Success isn’t always about launching a food business; sometimes, it’s about preventing a costly mistake. Laura notes that some participants realize the food truck life isn’t for them, while others pivot their business models to save costs. For The Ten Acre Garden, a popular spot for local food and an abundance of on-farm activities in Haywood County, FTBC was the catalyst for a new pizza food truck venture. Co-owner Mark Davies explained: “The Food Truck Boot Camp allowed us to explore ideas of expanding our sales opportunities on our farm, related to our on-farm agritourism operations. The specifics about building, stocking, and managing a food truck were excellent. Especially the regulatory side of running a food truck was super helpful. I would not have known where to go to find all of this information.”

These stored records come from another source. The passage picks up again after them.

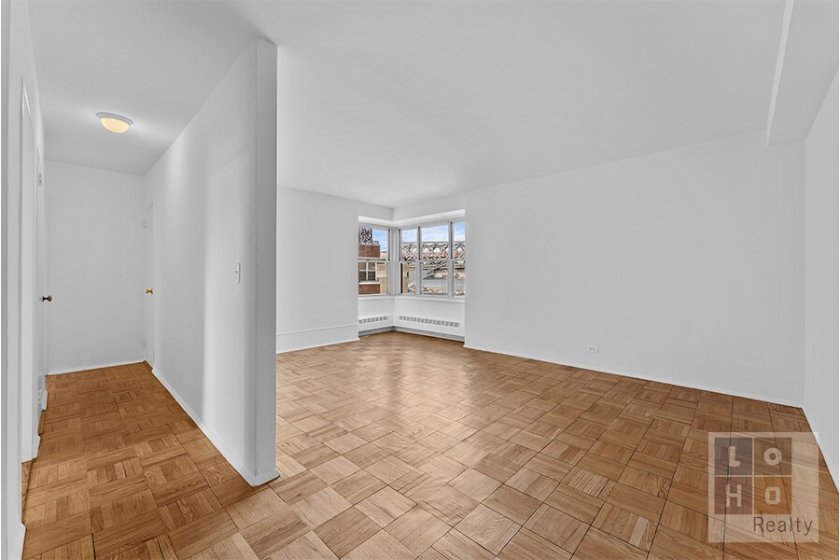wide photo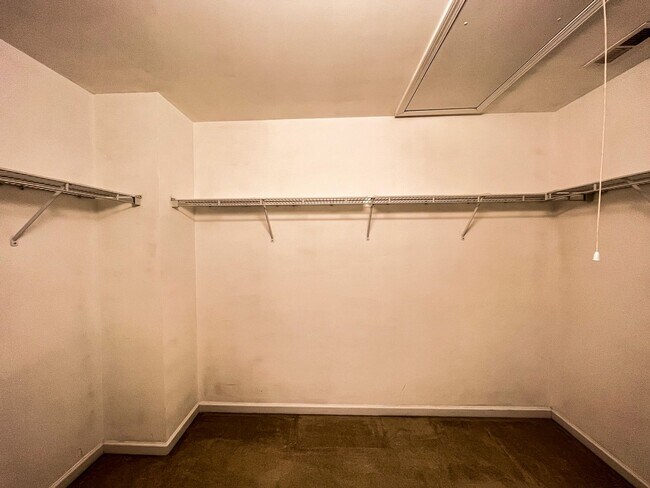 Building Photo - Gorgeous 4 Bedroom, 2 1/2 Bathroom Home in...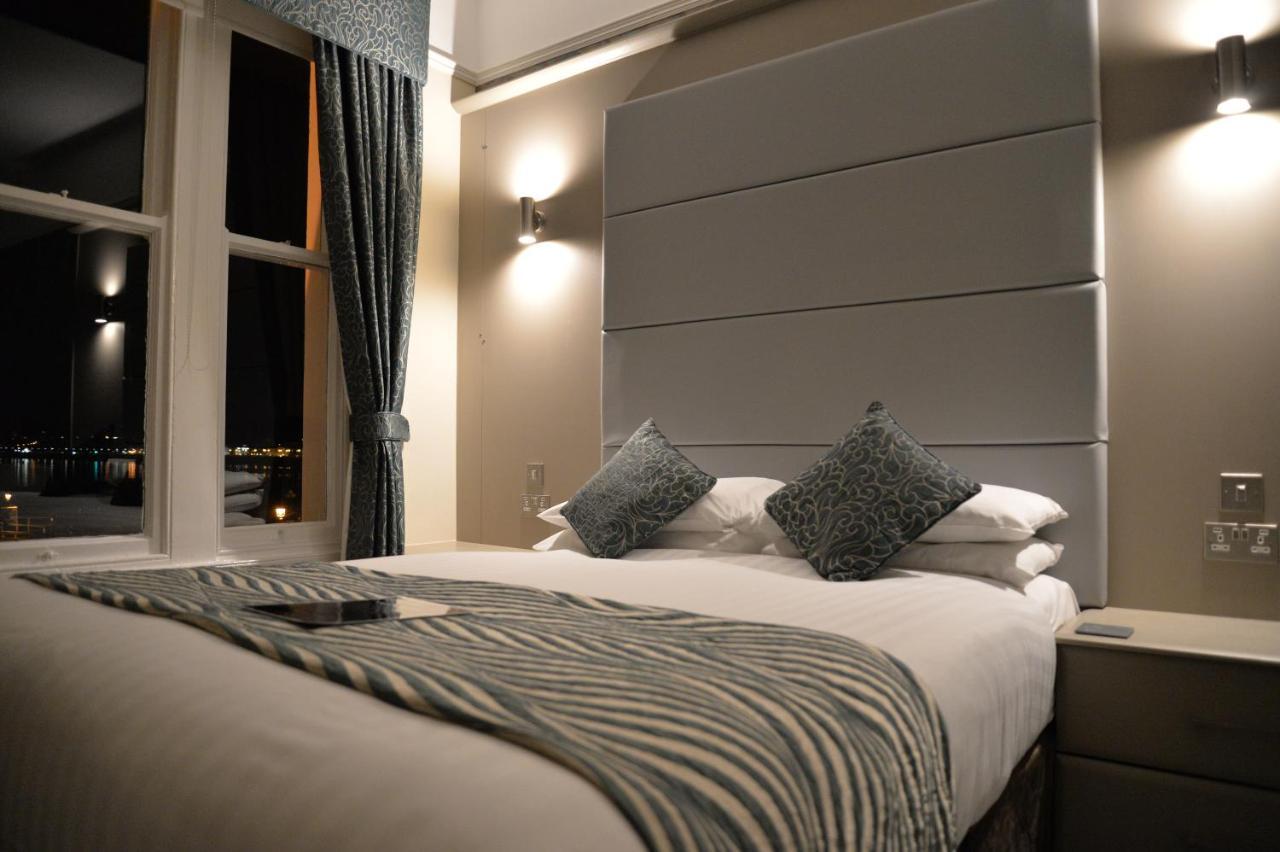 Lauriston & Lawton Court Hotel Ландъндо Екстериор снимка
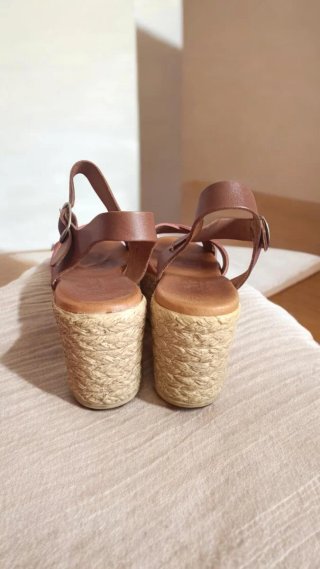 Sandalias cuña plataforma mujer naranja y marrón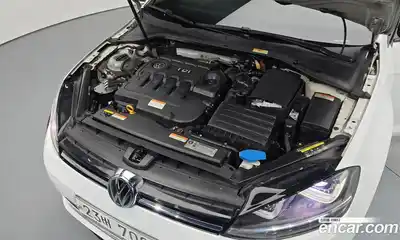 Volkswagen Golf, 2015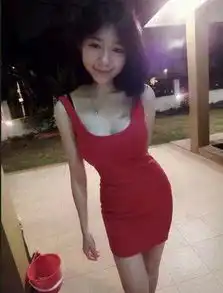 gif搞笑趣图姑娘,赶紧找个男朋友吧,要不然真容易出事
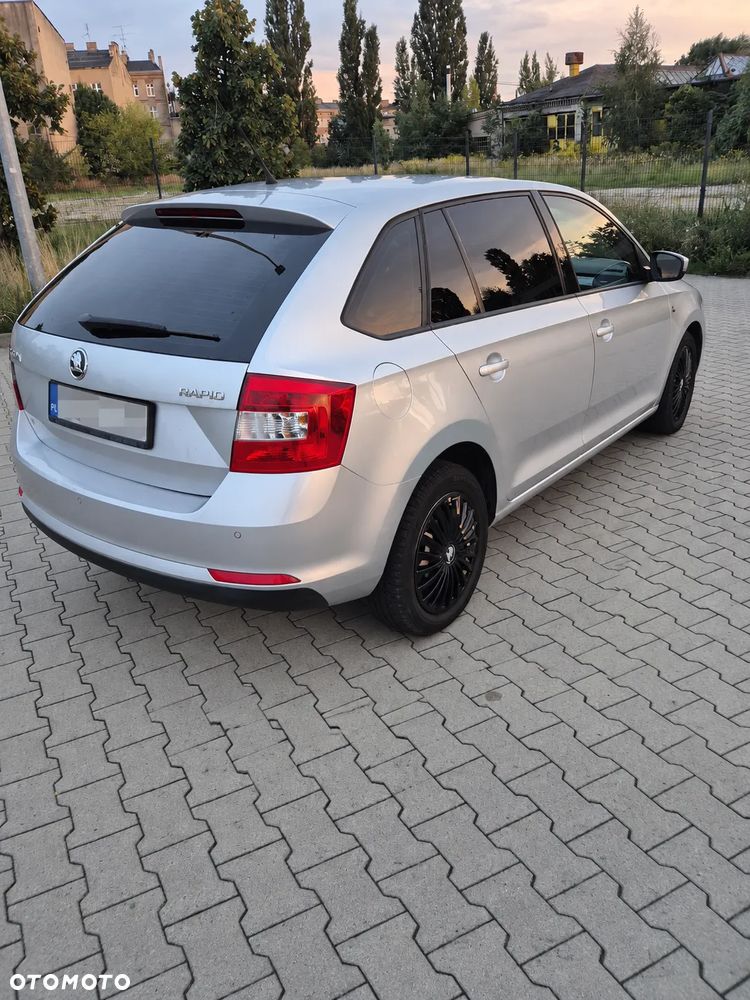 Skoda RAPID 1.2 TSI Edition - 4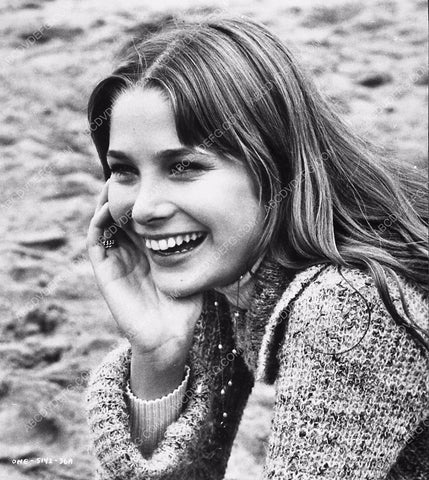 beautiful Deborah Raffin at the beach 5600-26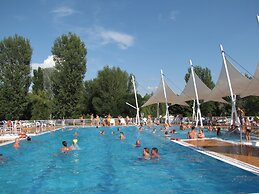 Balatontourist Füred Kemping&Üdülőfalu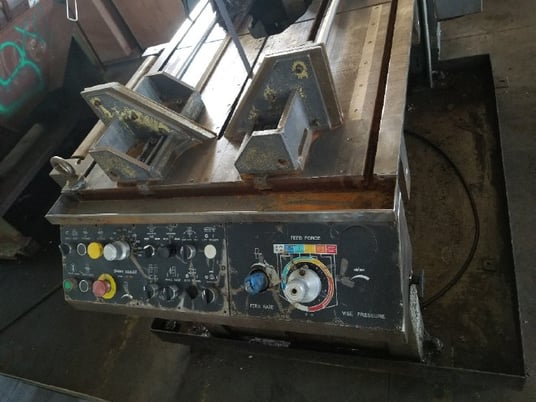 18" x 22" Marvel #MV460PC/2, vertical bandsaw, 1.25" x 15'-8" blade, 60-360 FPM, 7.5 HP - Image 9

The FTBC continues to evolve and meet the needs of the community. The first boot camp was held in 2022 over a three-day period and was partially funded through the Appalachian Regional Commission. Registration ranged from $65 for individuals to $115 for businesses with 2-4 attendees. The second was held in the fall of 2025 over a four-day period and was partially funded by EBCI’s Division of Commerce. Registration was $200. The next FTBC will be held in March of 2026 and is being sponsored by the Caldwell Community College Small Business Center. Registration is just $50 but there are less meals and no consultant fees. Laura shared that a big deciding factor for others interested in replicating the event in their community is whether you bring in consultants or run it with local expertise. She suggests keeping costs low by using free meeting space and having attendees cover the meal costs through registration. If other agents are interested in hosting their own FTBC, they can reach out to Laura for more information and support.

Laura sees a bright future for local foods in North Carolina. She envisions a shift toward increased awareness about food ingredients and the need for whole foods, as well as a thriving farmers’ market scene fostering personal connections. Additionally, she suggested a greater emphasis should be placed on institutional procurement and getting more fresh food from local farmers into hospitals, schools, jails and senior centers to both increase the nutritional value of people’s diets while also supporting the local food economy.